Fin novembre, première petite déception : il a fallu arracher l’aveu de ma bouche tremblante que dix heures d’avion ça faisait trop long. J’avais enclenché la vitesse
« second trimestre », avec des pointes à cinq kilos par mois, et tout le monde semblait croire que si j’étais persuadée de ne porter qu’un bébé c’était forcément que l’écho avait loupé son jumeau. Nous sommes allés faire un tour dans une agence de voyage, et on nous a convaincus que les Caraïbes c’est bien aussi. Pour un homme qui aime le rhum, le dépit fut moindre. Pour une femme qui rentre encore dans quelques robes d’été aussi.
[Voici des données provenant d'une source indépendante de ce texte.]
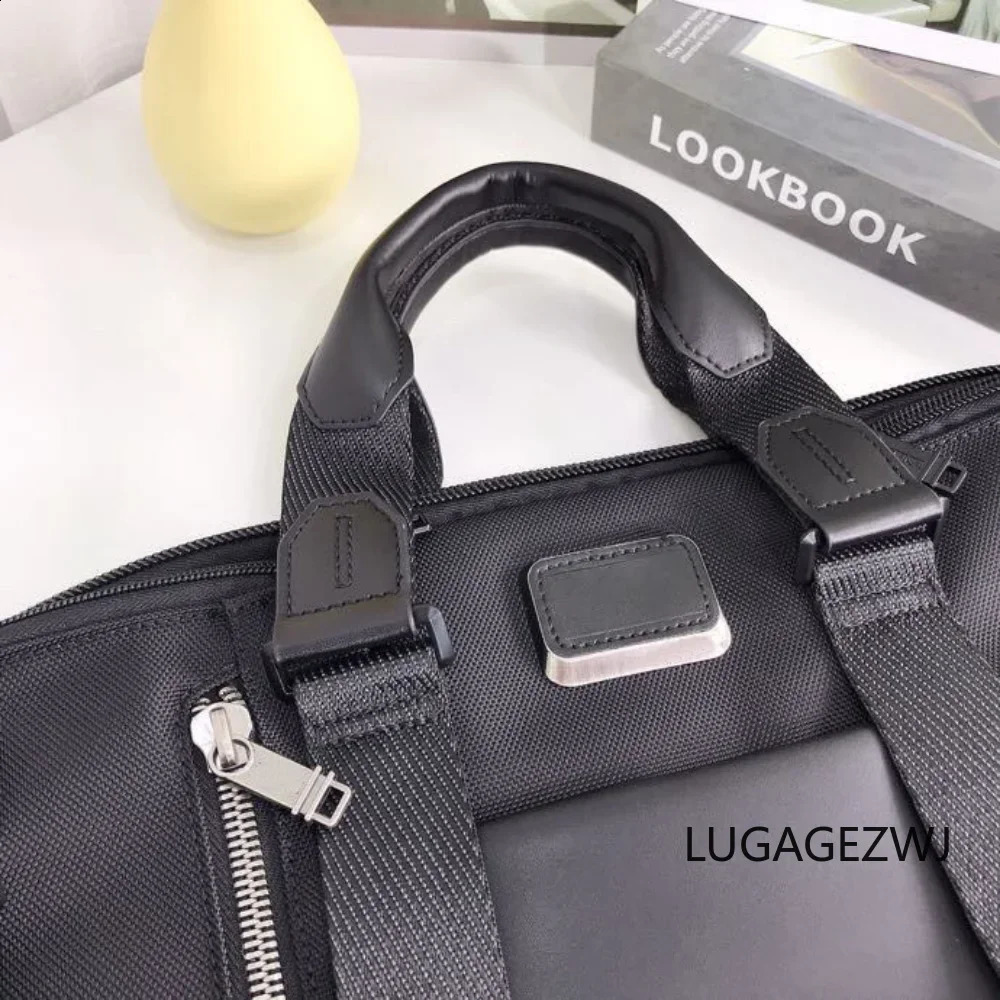 Fashion y er 14 inch Laptop Briefcase Business Handbag For Men Large Capacity Mens Leather Shoulder Bag 240821 4fe9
Nous avions l’horaire de vol, j’avais commencé la préparation mentale du chat (Tatie va venir tous les jours mon cœur ), mais le chantier n’était pas terminé. La veille de prendre la réservation, il a bien fallu se rendre à l’évidence : ce ne serait pas non plus pour début décembre. Bon. Sachant qu’il était hors de question de partir en période de vacances scolaires (payer plus cher pour déguster son mojito sous les hurlements des gosses, no way)(et puis bientôt on partira comme tout le monde au mois d’août, alors autant profiter avant de devoir piétiner ses principes et les enfouir tout au fond du sac à langer), cela repoussait le voyage au mois de janvier.

En gros, il fallait qu’on se bouge à partir en voyage de noces, même un tout petit, parce qu’à compter du 21 janvier j’allais être blacklistée par toutes les compagnies aériennes, cause troisième trimestre enclenché. J’avais dit adieu à l’océan indien, j’ai dû renoncer aux Caraïbes, rendues également inaccessibles par le nombre d’heures de vol (et mon volume en perpétuelle augmentation), mais je comptais bien m’envoyer un minimum en l’air d’ici là, tant que j’avais encore une vie (je déconne).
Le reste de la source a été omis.